Stored data entries:

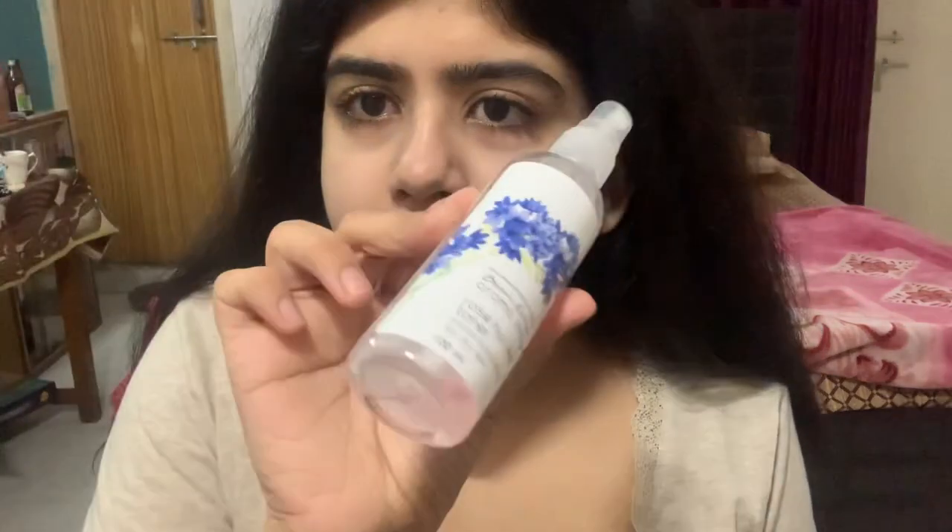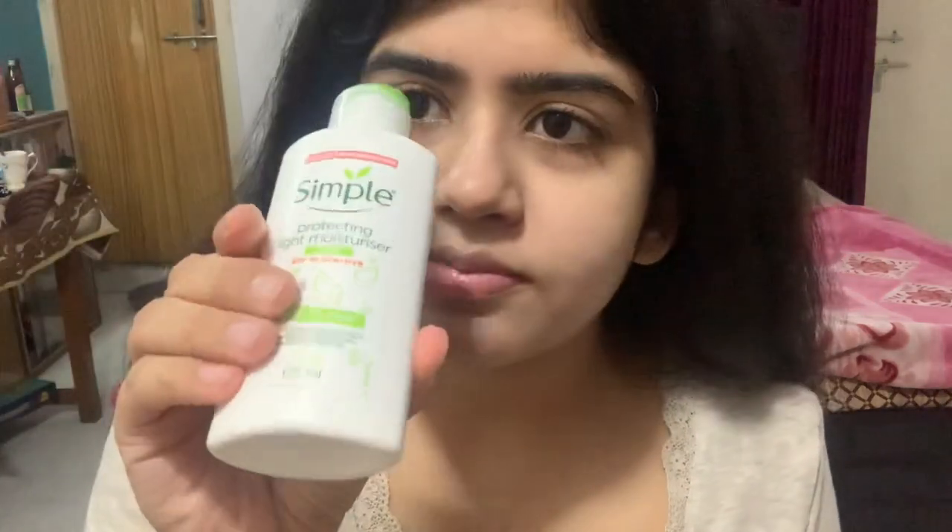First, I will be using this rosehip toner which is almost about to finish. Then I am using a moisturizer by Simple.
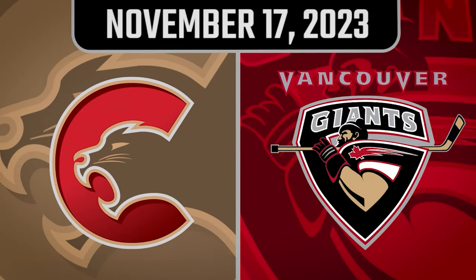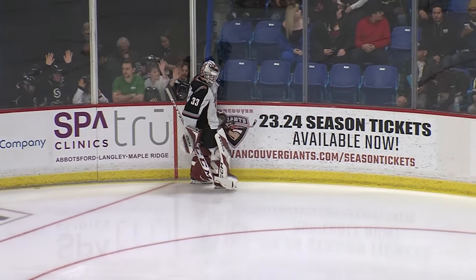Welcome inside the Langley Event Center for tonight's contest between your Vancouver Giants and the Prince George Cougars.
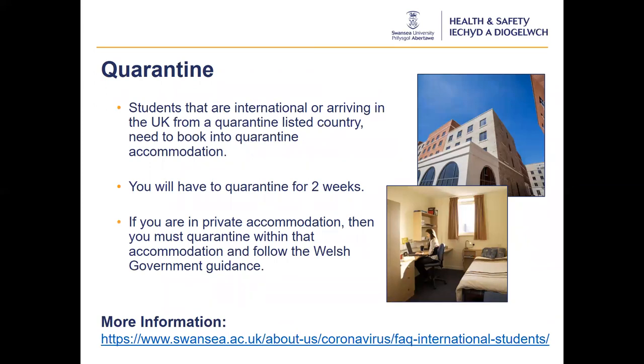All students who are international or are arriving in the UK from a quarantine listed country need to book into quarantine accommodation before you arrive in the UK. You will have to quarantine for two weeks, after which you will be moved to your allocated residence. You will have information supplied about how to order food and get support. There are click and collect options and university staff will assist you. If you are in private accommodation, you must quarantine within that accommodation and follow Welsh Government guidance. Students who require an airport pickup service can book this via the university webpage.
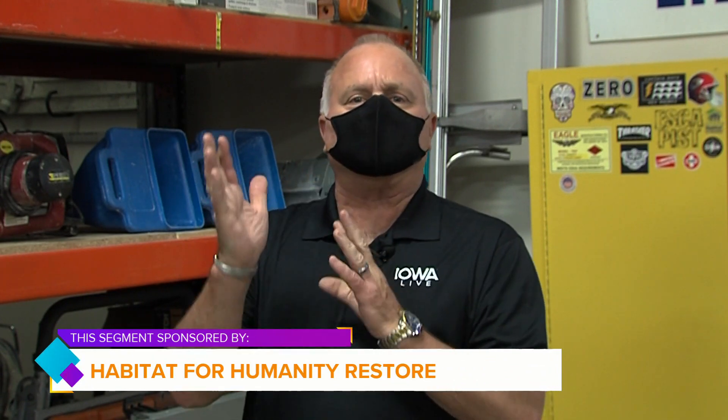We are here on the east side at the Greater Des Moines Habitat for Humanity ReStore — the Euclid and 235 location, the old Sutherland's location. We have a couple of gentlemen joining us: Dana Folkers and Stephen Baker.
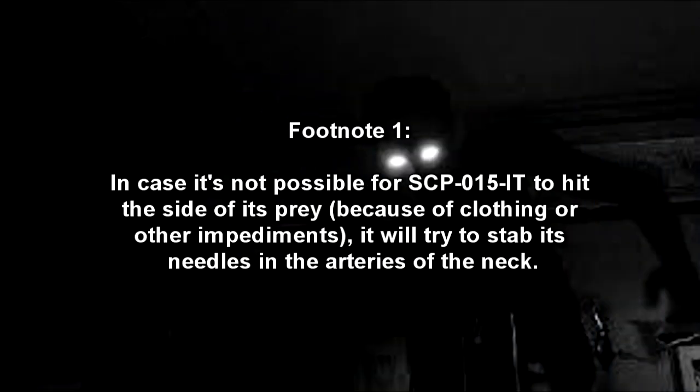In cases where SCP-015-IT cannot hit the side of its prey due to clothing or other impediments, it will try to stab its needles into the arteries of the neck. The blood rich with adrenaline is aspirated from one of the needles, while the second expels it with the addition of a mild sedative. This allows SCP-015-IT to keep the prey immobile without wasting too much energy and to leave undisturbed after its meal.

• [What is needed]:
Write out again exactly the lines from the start of the data above through the line containing "We are here", inclusive, excluding any pictures.

• [Written solution]:
First, I will be using this rosehip toner which is almost about to finish. Then I am using a moisturizer by Simple.
Welcome inside the Langley Event Center for tonight's contest between your Vancouver Giants and the Prince George Cougars.
All students who are international or are arriving in the UK from a quarantine listed country need to book into quarantine accommodation before you arrive in the UK. You will have to quarantine for two weeks, after which you will be moved to your allocated residence. You will have information supplied about how to order food and get support. There are click and collect options and university staff will assist you. If you are in private accommodation, you must quarantine within that accommodation and follow Welsh Government guidance. Students who require an airport pickup service can book this via the university webpage.
We are here on the east side at the Greater Des Moines Habitat for Humanity ReStore — the Euclid and 235 location, the old Sutherland's location. We have a couple of gentlemen joining us: Dana Folkers and Stephen Baker.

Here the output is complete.